[Work to be completed]:
The required answer is an exact copy of the lines from the one containing "Steering Rack Boot" to the end of the listing, both included, without any pictures.

### Listed records ###

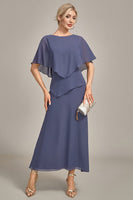 Laden Sie das Bild in den Galerie-Viewer, Scheide Stürmisches Chiffon Boothals Langes Choir Kleid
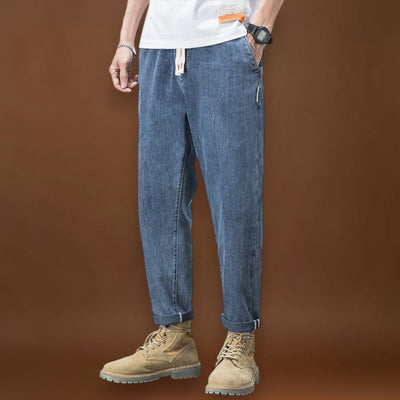 Egri - Komfortos Fekete Farmer Nadrág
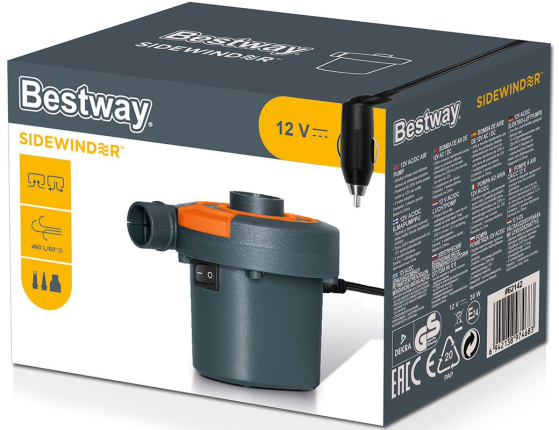 Насос электрический 220 V/12 V (490л/мин), BestWay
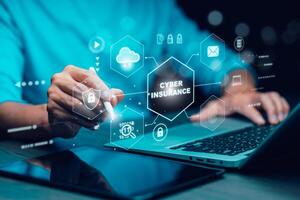 Cyber security and Security password login online concept Hands typing and entering username and password of social media, logging in with smartphone to an online bank account, data protection hacker photo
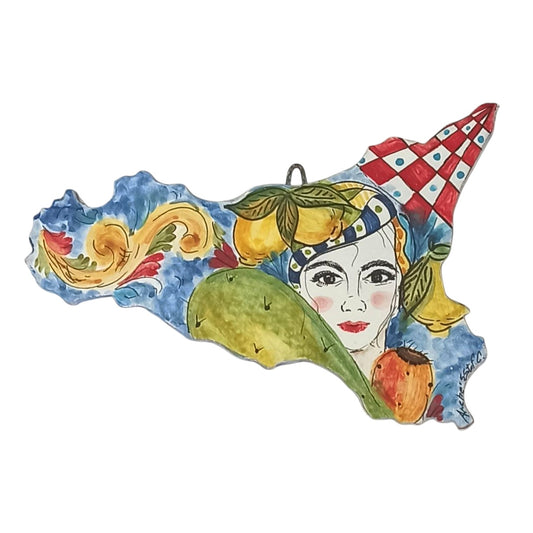 tagliere in maiolica di sicilia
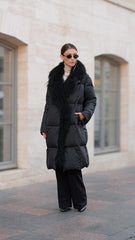 Genuine Lama Fur Premium Down Coat Alaska® Outerwear Company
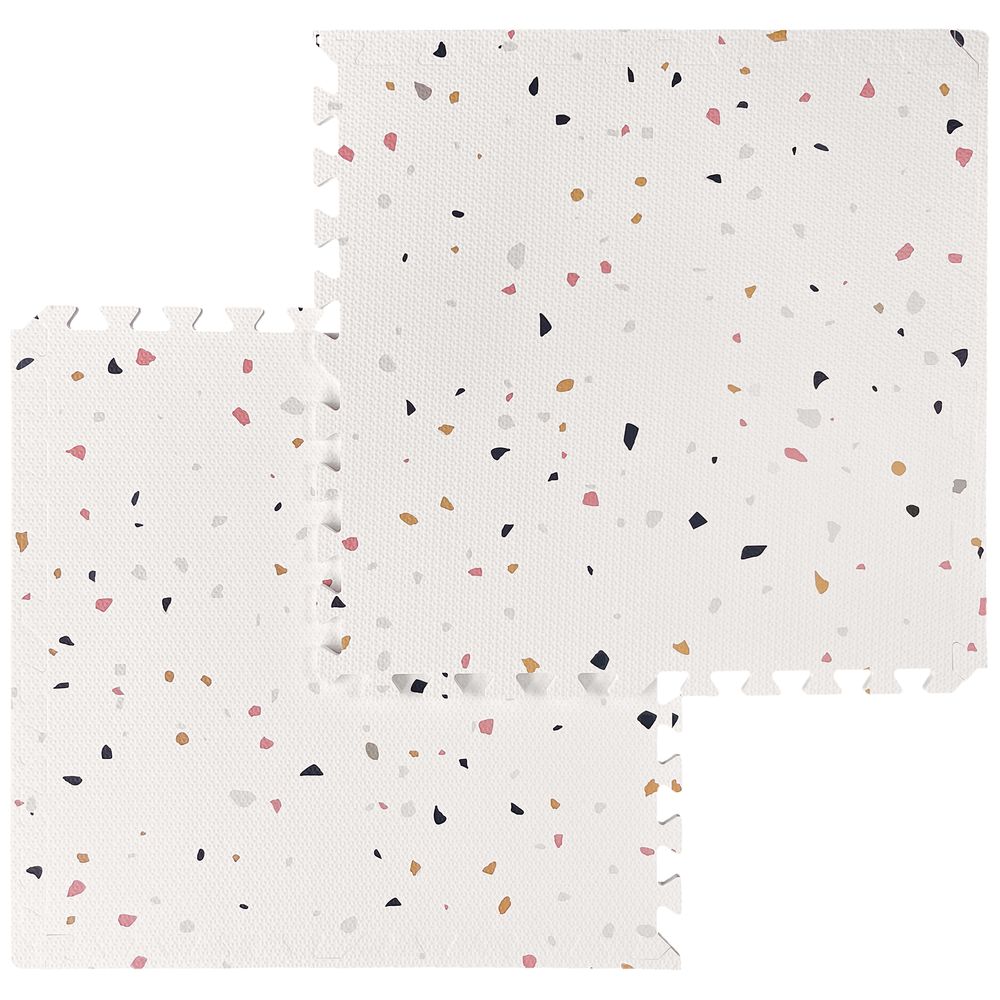 بامبل & بيرد - حصيرة لعب إسفنجية آمنة للأطفال، بتصميم أنيق من الترازو مكونة من 6 قطع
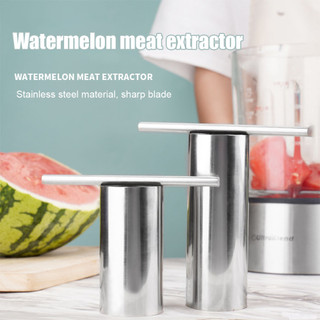 Dụng cụ mở dưa Dụng cụ cắt dưa hấu bằng thép không gỉ Dụng cụ đục lỗ hình tròn Lát dưa hấu Dụng cụ đục lỗ dưa Dụng cụ loại bỏ Juicing Phụ kiện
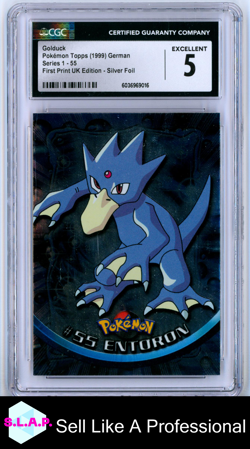 ENTORON POKEMON TOPPS #55 1999 SERIES 1 HOLO GERMAN CGC 5 - Image 1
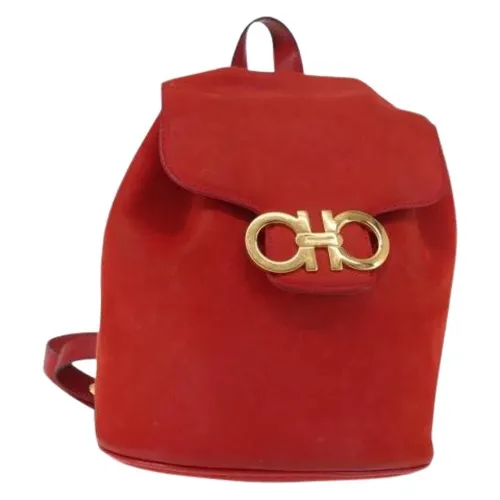 Pre-owned Suede Backpack - Salvatore Ferragamo Pre-owned - Modalova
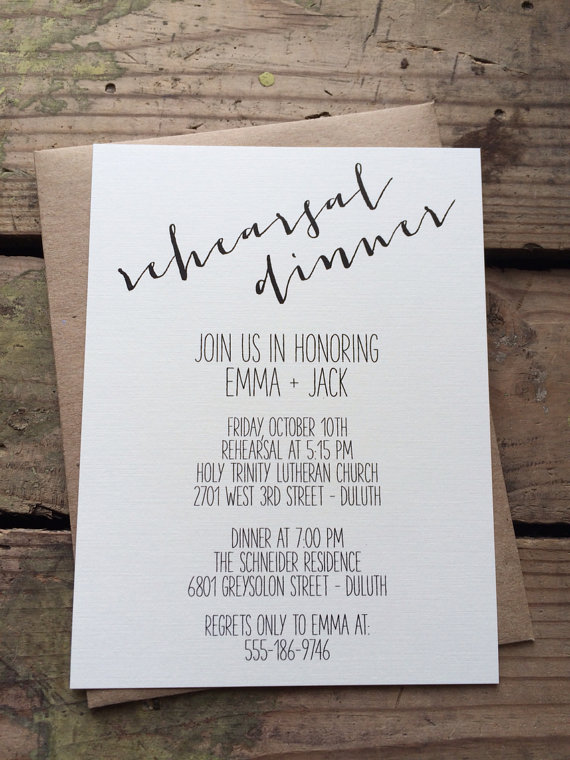 Wedding - Rustic Rehearsal Dinner Invitation // Script // Calligraphy Font // Country Outdoor Invite // Magnet Optional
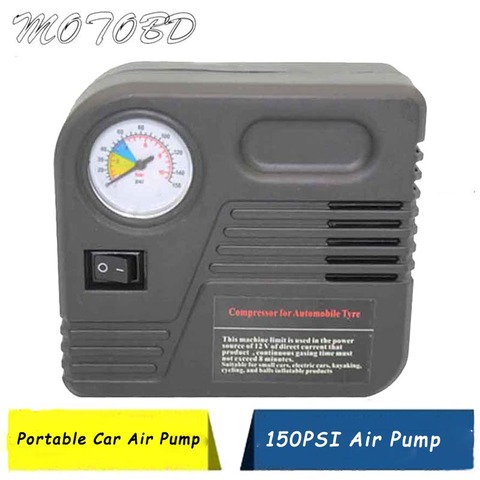 Portable Car Air Pump Auto Electric Air Compressor Tire Inflator 12V 60W With Car Jump Starter Connector 150PSI ► Photo 1/1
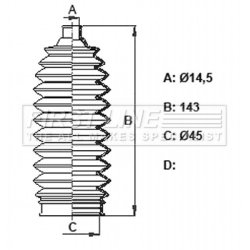 Steering Rack Boot FIRST LINE FSG3437 OE Ref 34137AG000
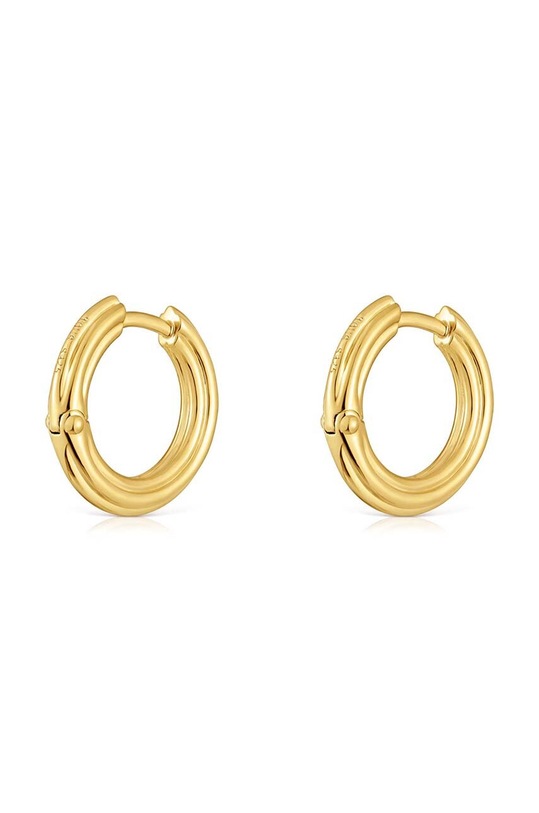 Doplnky Strieborné pozlátené náušnice Tous 1950 1004243500 zlatá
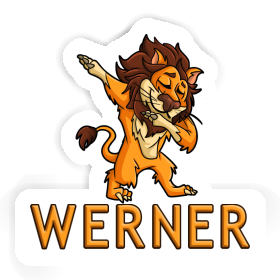 Dabbing Lion Sticker Werner Image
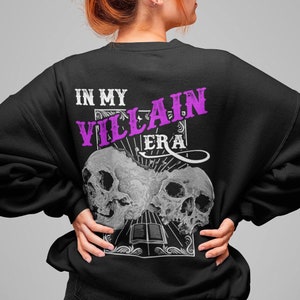 In My Villain Era Tarot Style Sweatshirt, Booktok Merch, Dark Romance Reader, Smut Reader, Bookish Merch, Book Lover Gift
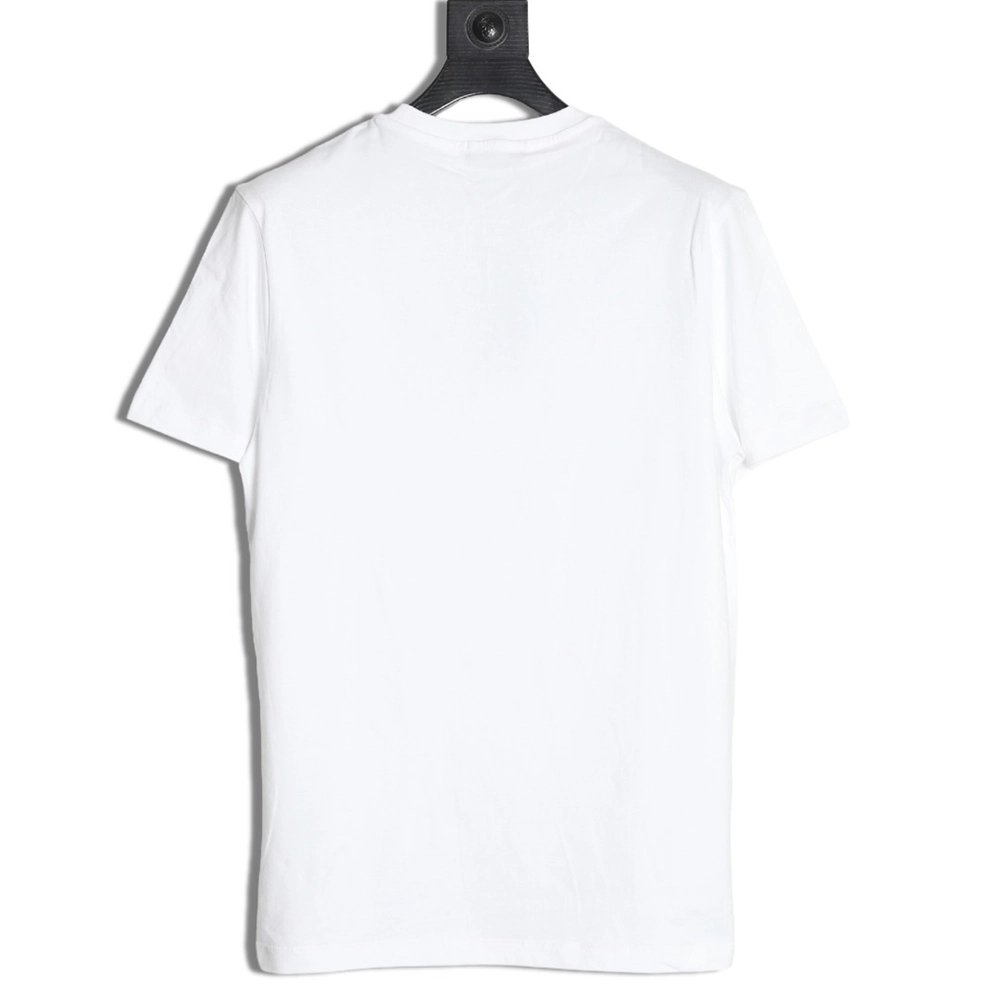 Versace Gold Logo Embroidered Short Sleeve T-Shirt,Versace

###

[Answer for the task]:
 Steering Rack Boot FIRST LINE FSG3437 OE Ref 34137AG000
 Doplnky Strieborné pozlátené náušnice Tous 1950 1004243500 zlatá
 Dabbing Lion Sticker Werner Image
 In My Villain Era Tarot Style Sweatshirt, Booktok Merch, Dark Romance Reader, Smut Reader, Bookish Merch, Book Lover Gift
 Versace Gold Logo Embroidered Short Sleeve T-Shirt,Versace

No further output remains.